Efficient Mixture-of-Expert for Video-based Driver State and Physiological Multi-task Estimation in Conditional Autonomous Driving

Jiyao Wang,Xiao Yang,Zhenyu Wang,Ximeng Wei,Ange Wang,Dengbo He,Kaishun Wu
2024-10-28
Abstract:Road safety remains a critical challenge worldwide, with approximately 1.35 million fatalities annually attributed to traffic accidents, often due to human errors. As we advance towards higher levels of vehicle automation, challenges still exist, as driving with automation can cognitively over-demand drivers if they engage in non-driving-related tasks (NDRTs), or lead to drowsiness if driving was the sole task.
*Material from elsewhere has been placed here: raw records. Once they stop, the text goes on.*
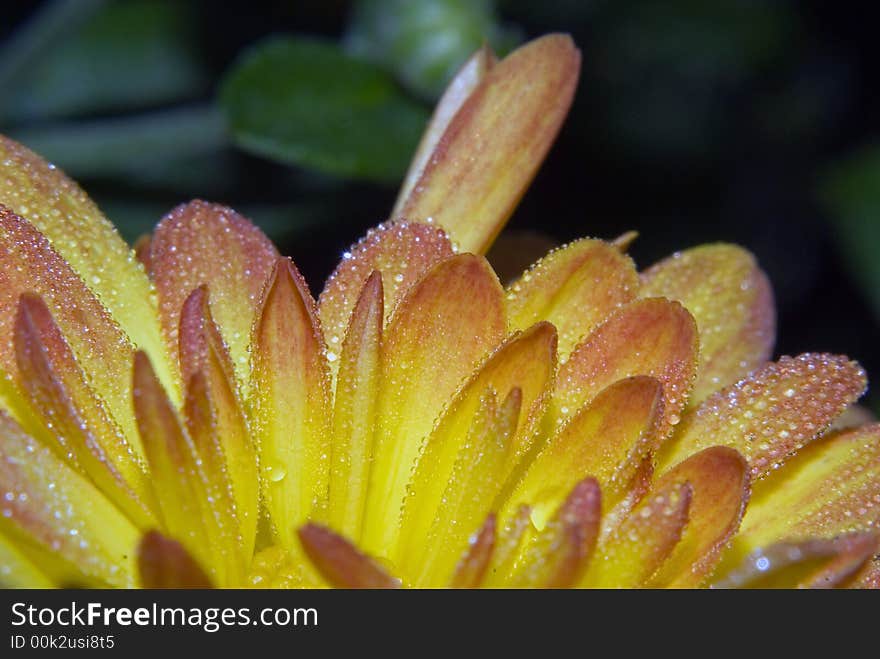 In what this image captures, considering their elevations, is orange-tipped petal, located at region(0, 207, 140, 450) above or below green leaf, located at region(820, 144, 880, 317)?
below

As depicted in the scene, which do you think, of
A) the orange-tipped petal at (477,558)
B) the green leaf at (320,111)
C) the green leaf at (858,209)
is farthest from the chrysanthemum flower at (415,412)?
the green leaf at (858,209)

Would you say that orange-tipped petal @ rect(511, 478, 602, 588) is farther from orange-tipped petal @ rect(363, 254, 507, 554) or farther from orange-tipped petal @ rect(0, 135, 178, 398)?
orange-tipped petal @ rect(0, 135, 178, 398)

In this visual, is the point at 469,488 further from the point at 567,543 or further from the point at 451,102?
the point at 451,102

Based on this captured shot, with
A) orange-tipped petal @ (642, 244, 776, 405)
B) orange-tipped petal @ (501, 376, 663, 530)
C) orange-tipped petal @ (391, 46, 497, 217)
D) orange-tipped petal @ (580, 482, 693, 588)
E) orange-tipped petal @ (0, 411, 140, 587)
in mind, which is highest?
orange-tipped petal @ (391, 46, 497, 217)

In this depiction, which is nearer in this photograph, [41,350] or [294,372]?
[41,350]

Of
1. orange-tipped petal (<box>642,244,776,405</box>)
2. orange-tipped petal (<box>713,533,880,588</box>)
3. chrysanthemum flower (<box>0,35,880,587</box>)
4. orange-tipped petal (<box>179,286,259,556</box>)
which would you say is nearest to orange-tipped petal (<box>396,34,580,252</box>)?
chrysanthemum flower (<box>0,35,880,587</box>)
This calls for the urgent need for an effective Driver Monitoring System (DMS) that can evaluate cognitive load and drowsiness in SAE Level-2/3 autonomous driving contexts. In this study, we propose a novel multi-task DMS, termed VDMoE, which leverages RGB video input to monitor driver states non-invasively. By utilizing key facial features to minimize computational load and integrating remote Photoplethysmography (rPPG) for physiological insights, our approach enhances detection accuracy while maintaining efficiency. Additionally, we optimize the Mixture-of-Experts (MoE) framework to accommodate multi-modal inputs and improve performance across different tasks. A novel prior-inclusive regularization method is introduced to align model outputs with statistical priors, thus accelerating convergence and mitigating overfitting risks. We validate our method with the creation of a new dataset (MCDD), which comprises RGB video and physiological indicators from 42 participants, and two public datasets. Our findings demonstrate the effectiveness of VDMoE in monitoring driver states, contributing to safer autonomous driving systems. The code and data will be released.
Computer Vision and Pattern Recognition,Artificial Intelligence
What problem does this paper attempt to address?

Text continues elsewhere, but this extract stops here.